WHAT'S THE BEST WAY TO FIND MY CAREER

My name is Ifeoluwa, I am from Nigeria, and I am 18 years old

I currently feel very stuck and confused about my life and career direction. Before gaining admission into the university, I worked for about four years under a man who dealt in building materials and agro-chemicals. I did not receive a salary, but the experience taught me a lot about sales, customer relations, and how businesses operate.
After gaining admission into the university, I chose to study Finance. However, during my second semester in 100 level, I noticed that many seniors who studied the same course and had already graduated were struggling to find jobs. This made me worried about my future.

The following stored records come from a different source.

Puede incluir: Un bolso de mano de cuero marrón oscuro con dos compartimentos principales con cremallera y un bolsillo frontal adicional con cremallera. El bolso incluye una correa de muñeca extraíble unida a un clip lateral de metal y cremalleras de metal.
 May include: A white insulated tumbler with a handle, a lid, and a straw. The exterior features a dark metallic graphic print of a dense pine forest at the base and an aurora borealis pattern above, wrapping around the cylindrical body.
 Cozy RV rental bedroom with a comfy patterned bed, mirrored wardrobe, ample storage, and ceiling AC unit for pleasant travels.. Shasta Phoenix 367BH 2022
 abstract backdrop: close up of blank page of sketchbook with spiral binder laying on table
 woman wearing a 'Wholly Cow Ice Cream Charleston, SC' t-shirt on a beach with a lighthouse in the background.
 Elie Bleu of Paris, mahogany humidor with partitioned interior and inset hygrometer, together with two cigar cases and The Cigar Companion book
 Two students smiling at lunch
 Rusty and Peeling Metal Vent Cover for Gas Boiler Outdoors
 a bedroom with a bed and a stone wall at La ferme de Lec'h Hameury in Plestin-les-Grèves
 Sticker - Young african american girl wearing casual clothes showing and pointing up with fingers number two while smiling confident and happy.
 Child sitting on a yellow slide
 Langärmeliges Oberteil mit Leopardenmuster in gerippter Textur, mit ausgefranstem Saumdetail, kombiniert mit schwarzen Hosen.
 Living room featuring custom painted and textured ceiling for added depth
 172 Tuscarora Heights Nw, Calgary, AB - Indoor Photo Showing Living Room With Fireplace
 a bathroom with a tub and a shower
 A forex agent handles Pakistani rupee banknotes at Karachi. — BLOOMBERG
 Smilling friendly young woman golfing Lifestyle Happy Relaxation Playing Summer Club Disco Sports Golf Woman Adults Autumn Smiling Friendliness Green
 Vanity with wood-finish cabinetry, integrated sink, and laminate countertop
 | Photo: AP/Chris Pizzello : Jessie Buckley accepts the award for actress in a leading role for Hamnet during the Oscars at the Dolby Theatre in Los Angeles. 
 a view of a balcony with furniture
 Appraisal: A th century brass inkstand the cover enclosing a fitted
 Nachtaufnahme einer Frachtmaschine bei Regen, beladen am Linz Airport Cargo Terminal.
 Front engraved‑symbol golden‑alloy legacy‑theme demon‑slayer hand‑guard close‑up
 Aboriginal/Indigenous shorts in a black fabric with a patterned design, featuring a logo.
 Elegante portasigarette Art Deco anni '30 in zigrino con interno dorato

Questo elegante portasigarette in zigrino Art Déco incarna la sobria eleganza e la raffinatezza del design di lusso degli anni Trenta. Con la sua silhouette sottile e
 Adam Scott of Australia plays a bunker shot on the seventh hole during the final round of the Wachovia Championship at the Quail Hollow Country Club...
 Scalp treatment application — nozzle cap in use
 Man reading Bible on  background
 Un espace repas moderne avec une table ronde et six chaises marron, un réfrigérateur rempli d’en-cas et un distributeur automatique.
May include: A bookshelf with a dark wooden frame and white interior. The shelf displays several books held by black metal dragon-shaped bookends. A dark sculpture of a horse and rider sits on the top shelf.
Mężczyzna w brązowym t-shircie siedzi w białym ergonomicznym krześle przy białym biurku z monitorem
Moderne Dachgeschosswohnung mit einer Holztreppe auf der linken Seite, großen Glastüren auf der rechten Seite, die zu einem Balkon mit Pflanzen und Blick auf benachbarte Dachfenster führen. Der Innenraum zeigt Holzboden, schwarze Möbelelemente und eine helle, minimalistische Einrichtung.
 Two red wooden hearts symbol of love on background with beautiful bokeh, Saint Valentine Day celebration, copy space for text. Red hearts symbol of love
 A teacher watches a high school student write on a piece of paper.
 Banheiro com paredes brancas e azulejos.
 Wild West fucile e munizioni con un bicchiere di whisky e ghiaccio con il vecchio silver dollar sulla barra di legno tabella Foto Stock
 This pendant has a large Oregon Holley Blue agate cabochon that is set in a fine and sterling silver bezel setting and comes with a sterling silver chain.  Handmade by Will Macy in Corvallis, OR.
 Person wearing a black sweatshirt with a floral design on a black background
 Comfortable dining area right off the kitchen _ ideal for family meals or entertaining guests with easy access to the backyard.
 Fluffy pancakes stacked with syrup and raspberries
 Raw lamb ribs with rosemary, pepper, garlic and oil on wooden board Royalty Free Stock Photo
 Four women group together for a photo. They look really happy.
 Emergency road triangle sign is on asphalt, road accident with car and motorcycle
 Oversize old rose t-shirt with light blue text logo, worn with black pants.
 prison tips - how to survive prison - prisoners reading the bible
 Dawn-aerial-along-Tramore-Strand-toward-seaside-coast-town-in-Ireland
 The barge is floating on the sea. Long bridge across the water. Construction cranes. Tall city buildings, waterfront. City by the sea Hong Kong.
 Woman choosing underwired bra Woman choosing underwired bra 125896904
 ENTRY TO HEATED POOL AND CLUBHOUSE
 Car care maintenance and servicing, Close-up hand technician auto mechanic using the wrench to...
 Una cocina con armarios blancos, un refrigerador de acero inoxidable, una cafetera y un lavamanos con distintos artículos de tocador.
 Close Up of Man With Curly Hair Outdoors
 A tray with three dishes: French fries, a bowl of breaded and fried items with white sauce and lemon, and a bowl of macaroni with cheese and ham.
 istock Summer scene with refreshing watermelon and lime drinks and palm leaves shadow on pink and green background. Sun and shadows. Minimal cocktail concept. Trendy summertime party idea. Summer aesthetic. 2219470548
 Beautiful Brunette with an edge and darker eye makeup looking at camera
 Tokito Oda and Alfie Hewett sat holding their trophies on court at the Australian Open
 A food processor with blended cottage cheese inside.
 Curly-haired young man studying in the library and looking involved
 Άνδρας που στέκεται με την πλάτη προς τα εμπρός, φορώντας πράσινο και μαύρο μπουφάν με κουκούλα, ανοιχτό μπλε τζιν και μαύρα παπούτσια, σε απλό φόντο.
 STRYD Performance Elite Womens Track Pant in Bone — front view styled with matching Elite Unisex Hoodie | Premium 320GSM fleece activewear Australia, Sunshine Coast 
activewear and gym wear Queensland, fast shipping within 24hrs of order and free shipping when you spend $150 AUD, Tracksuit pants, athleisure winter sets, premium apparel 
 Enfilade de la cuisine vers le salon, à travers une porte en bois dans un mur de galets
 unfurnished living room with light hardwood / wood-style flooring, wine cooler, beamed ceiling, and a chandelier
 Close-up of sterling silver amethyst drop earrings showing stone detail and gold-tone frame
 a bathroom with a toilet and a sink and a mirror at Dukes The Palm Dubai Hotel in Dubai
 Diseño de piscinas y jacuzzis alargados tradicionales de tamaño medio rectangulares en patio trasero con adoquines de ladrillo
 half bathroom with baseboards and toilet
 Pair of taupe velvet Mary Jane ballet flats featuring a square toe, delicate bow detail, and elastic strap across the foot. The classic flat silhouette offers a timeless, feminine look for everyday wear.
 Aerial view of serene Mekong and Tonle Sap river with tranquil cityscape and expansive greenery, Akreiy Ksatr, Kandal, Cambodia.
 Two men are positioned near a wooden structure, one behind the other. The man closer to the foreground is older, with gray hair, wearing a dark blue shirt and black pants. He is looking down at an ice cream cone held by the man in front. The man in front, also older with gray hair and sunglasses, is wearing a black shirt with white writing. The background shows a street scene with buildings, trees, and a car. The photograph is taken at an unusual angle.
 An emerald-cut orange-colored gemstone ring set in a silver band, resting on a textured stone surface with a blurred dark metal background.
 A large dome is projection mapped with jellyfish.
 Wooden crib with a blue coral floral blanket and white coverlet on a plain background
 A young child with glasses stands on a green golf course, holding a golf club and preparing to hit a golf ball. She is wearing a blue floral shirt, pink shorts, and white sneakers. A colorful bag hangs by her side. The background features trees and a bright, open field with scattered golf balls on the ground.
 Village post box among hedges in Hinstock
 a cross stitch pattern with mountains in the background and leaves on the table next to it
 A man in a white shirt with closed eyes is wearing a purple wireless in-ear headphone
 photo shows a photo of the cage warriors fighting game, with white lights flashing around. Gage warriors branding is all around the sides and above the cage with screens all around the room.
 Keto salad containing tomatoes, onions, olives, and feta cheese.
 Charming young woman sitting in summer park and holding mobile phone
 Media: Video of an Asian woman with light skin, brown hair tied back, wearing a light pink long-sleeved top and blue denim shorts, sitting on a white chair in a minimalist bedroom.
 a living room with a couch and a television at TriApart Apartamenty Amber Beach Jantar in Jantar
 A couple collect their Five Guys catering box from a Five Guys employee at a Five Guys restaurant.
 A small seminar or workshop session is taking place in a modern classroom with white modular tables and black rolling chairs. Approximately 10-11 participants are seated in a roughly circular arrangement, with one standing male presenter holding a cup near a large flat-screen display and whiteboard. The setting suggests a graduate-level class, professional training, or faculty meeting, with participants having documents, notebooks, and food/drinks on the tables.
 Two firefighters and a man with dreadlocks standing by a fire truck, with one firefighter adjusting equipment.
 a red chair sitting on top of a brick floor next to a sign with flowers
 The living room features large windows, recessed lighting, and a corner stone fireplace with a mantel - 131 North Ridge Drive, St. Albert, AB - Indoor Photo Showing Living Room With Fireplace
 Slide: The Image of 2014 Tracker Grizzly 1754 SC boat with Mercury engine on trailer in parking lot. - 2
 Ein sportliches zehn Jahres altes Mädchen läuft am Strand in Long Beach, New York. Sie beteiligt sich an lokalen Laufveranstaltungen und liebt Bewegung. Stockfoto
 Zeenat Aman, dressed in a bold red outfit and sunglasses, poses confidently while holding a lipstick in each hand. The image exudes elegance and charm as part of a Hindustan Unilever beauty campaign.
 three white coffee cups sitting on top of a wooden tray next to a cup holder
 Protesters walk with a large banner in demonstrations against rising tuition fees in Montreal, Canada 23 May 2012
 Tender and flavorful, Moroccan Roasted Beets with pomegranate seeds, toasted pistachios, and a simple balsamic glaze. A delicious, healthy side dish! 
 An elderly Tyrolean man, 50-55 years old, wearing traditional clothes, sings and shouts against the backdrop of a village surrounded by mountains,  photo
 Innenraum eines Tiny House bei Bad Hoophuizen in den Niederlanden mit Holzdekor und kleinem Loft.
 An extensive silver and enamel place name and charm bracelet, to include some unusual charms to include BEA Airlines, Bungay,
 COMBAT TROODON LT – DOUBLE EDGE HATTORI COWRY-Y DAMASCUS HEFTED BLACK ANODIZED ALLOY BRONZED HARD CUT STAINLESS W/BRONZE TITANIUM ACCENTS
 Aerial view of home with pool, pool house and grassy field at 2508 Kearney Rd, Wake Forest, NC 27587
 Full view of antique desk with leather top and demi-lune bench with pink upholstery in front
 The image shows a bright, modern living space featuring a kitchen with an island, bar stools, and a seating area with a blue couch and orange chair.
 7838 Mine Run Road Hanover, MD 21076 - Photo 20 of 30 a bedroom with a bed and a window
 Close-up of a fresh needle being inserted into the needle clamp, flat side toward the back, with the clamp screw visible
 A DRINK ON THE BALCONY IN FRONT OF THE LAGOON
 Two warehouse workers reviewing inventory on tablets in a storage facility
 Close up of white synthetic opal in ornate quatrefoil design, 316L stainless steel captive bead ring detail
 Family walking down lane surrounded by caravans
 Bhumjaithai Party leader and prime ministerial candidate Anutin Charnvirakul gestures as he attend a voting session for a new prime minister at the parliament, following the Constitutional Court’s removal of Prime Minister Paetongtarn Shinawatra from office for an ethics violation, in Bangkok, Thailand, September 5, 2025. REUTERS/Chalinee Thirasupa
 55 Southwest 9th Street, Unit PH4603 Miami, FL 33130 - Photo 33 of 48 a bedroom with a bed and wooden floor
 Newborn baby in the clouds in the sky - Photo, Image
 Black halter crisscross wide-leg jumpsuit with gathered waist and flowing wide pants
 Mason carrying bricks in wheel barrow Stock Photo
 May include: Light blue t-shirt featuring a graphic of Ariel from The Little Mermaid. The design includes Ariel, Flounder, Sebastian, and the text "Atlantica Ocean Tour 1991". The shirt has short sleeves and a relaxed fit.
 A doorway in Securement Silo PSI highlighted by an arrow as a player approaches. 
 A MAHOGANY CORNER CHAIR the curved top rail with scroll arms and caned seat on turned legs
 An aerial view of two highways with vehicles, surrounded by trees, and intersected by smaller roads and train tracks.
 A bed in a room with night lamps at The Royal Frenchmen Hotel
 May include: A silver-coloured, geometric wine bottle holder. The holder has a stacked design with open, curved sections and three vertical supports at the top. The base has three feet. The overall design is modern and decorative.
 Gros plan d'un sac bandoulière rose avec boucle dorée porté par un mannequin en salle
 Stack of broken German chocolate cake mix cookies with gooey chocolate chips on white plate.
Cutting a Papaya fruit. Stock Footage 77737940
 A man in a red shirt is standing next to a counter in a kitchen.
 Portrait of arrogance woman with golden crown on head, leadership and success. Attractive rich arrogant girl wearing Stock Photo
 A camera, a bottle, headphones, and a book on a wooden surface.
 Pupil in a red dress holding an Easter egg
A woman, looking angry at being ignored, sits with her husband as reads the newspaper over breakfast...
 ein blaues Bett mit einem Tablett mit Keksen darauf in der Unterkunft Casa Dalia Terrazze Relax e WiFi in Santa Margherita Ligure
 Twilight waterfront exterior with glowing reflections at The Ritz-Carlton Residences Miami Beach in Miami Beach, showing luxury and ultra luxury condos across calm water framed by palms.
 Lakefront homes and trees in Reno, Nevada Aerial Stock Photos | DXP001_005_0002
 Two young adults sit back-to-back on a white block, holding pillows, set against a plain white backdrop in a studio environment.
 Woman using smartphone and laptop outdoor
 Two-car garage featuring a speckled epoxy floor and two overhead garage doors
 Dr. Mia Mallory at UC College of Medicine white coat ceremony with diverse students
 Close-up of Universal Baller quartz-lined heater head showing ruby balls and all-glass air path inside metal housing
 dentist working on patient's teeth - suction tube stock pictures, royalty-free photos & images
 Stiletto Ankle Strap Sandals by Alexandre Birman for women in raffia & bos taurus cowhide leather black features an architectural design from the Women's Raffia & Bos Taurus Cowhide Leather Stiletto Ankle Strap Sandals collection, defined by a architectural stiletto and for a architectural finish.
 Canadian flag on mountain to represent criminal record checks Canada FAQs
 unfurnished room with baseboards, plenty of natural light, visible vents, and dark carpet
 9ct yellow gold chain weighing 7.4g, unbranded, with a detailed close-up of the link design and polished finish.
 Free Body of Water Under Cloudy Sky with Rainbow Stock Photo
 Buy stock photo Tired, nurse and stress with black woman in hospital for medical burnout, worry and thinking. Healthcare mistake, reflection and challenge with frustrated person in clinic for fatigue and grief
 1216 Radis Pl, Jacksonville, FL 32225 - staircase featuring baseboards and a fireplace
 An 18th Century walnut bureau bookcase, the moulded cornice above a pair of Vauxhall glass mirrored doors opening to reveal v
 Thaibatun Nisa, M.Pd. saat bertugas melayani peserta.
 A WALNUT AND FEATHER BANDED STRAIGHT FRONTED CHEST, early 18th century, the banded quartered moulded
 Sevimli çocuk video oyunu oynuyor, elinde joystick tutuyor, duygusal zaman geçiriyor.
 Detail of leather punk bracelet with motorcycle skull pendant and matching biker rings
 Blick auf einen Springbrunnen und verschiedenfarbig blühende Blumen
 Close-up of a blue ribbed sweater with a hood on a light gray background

Because of this, I decided to start learning coding, believing it would give me an advantage. I learned front-end web development, but later realized that my real interest is in the fintech industry, where finance and technology meet. I am also planning to take my ICAN exams in my third year.

For the past three months, I have not been happy. I feel lost, moving from one skill to another without a clear plan, goal, or mentor. I want to be successful and live a happy and meaningful life, but right now I don’t know the right path to take.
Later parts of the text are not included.